1. sayfa (Toplam 1 sayfa)

Seyid Abdülkadir (1851 - 1925)

MesajGönderilme zamanı: Pzr Oca 22, 2012 8:09 am
gönderen admin
Resim
Seyid Abdülkadir (1851 - 1925)
Seyid Abdülkadir, 1851 yılında Hakkari’nin Şemdinan (Şemdinli) ilçesinde dünyaya geldi. Seyid Abdülkadir, ünlü Kürt isyancısı nakşi şeyhi Hakkarili Şeyh Ubeydullah’ın oğludur. Babasıyla birlikte isyana katılır ve ordunun bir kolunun komutanlığını üstlenir. Şeyh Ubeydullah, Osmanlı ordusuna yenilince oğluyla birlikte Hakkari dağlarına çekilir.
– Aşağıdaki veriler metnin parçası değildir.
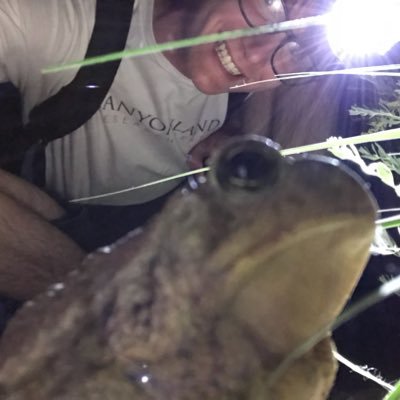 Profile Picture of Adam Siefker (@AdamSiefker) on Twitter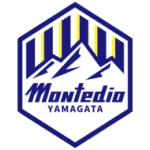 Man City Logo
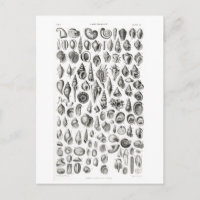 CONCHOLOGY FOSSILS ANIMAL CHART POSTCARD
Osmanlı, Şeyh Ubeydullah’ı oğlu Seyid Abdülkadir ile birlikte isyandan sonra Mekke’ye sürgüne gönderir. Babasının 1883’te vefatından sonra Seyit Abdülkadir’in İstanbul’a dönmesine izin verilir.
Seyit, İstanbul’da Abdullah Cevdet Bey ile birlikte İttihat ve Terakki Cemiyeti’nin kurucuları arasında yer alır ve Abdülhamit’e karşı muhalefete başlar. Ancak 1896 yılında İstanbul’da Kürt örgütleri ile yakın ilişkileri nedeniyle ve Abdülhamit’e suikast girişiminde sorumlular arasında gösterilerek yeniden sürgüne gönderilir. 1908’de Meşrutiyetin ilanıyla tekrar İstanbul’a dönen Seyit Abdülkadir, iskelede binlerce kişi tarafından büyük sevinç gösterileriyle karşılanır. Seyit Abdülkadir, 14 Mart 1918’de kurulan Damat Ferit Paşa hükümetinde bugünkü Danıştay’ın görevini yürüten Şuray-ı Devlet Başkanlığı görevine getirilir. Her ne kadar Seyit Abdülkadir ve Abdullah Cevdet Bey İttihat ve Terakki’nin kurucuları olsalar da, bir müddet sonra Turancıların eline geçen cemiyetle ilişkilerini kesmişler hatta bunlara karşı mücadele etmeye başlamışlardır. Seyit Abdülkadir bu dönemlerde hem Hürriyet ve İtilaf Partisi içerisinde yer alır hem de Kürt Teali Cemiyeti’nin yöneticiliği ve fahri başkanlığını yapar. Seyit Abdülkadir, Kürt Teali Cemiyeti içerisindeki tartışmalarda, Osmanlı bünyesinde yaşayan ” halkların demokratik birliğİ “nden yana bir çözümü savunmaktadır. Seyit, dönemine göre oldukça liberal görüşleri savunur. Öyle ki, babasının isyanı döneminde bölgede yaşayan gayrimüslim azınlıklara zarar verilmemesi fetvasını bile yayımlamıştır. Gayrimüslim azınlıkların evlerine mavi bayraklar asmasını emrederek, sefer sırasında kendilerine dokunulmayacağı garantisini verir.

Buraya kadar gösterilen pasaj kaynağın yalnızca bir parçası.